Jean Parker who had made a number of films for Pine-Thomas in the 1940s returned to the screen for the first time in three years to play a role.

Filming started March 1953. In April the title was changed to Those Redheads from Seattle.

==Release==
The film was released in 3-D and non-3-D versions- Paramount gave exhibitors the right to choose.

Although Kiss Me Kate, released by Metro-Goldwyn-Mayer in November 1953, is often referred to as the first 3-D musical, Those Redheads from Seattle was released a month earlier.

==Music==
In the film, Teresa Brewer sings the Jerry Livingston/Mack David song "Baby, Baby, Baby", which was released as a single, and later covered by Mindy Carson, Jimmy Witherspoon and other artists.

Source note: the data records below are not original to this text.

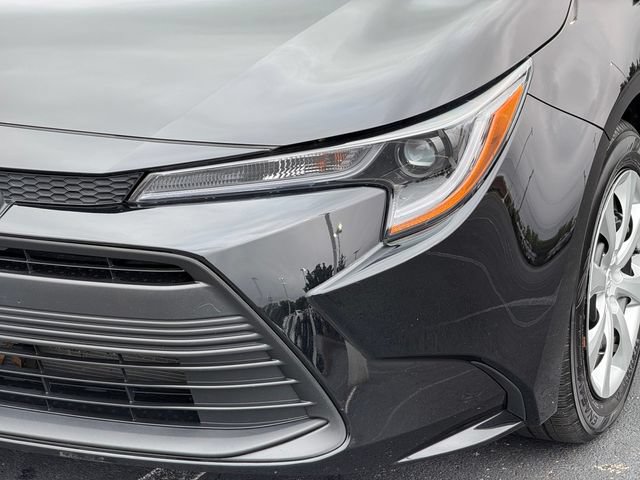 Certified 2025 Toyota Corolla LE FWD image 10
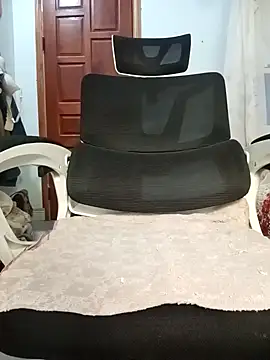 Em-mupmup online show from 29, 11, 2025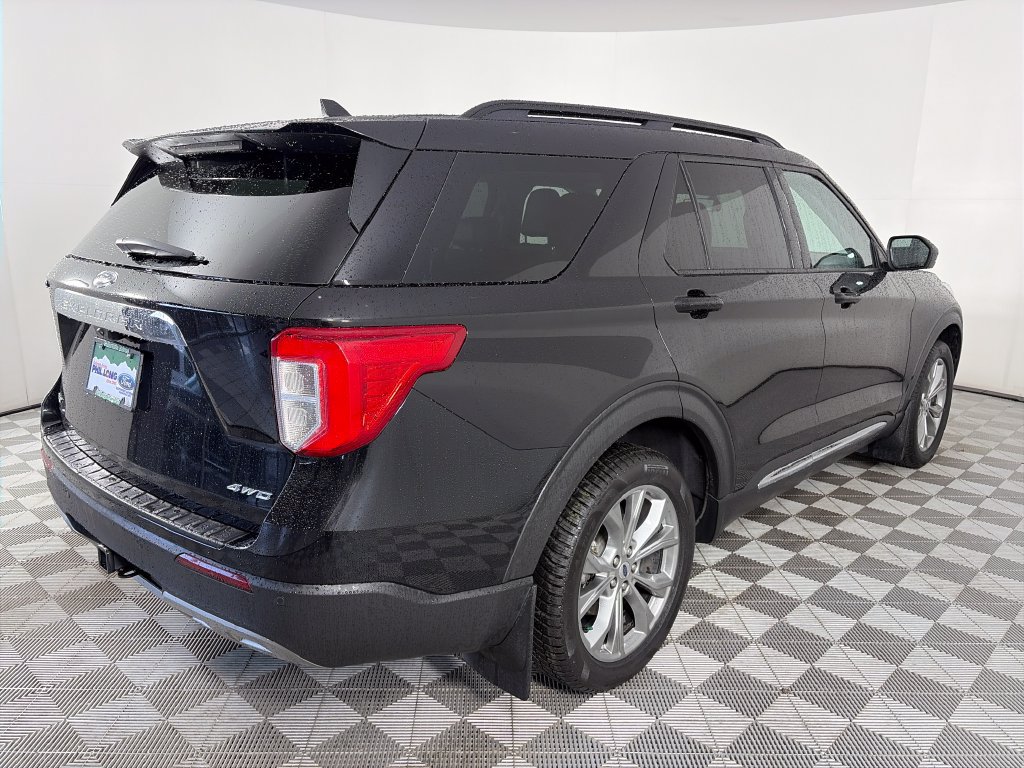 Certified 2023 Ford Explorer XLT w/ Equipment Group 202A AWD/4WD image 7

Mitchell had a hit with "Chicka Boom" written by Bob Merrill that Mitchell sang in the film.

Other songs featured include:

"I Guess It Was You All the Time" written by Johnny Mercer and Hoagy Carmichael

"Mr. Banjo Man"

"Take Back Your Gold"

==Restoration==
In September 2006, the film was shown in 3-D for the first time in 50 years at the World 3-D Expo in Hollywood.

In 2017 a digital restoration played at the TCM Festival in Hollywood and at the Seattle International Film Festival. The movie premiered in Seattle at the Paramount Theatre in 1953.

A 3-D Blu-ray was released in May 2017 by Kino Lorber.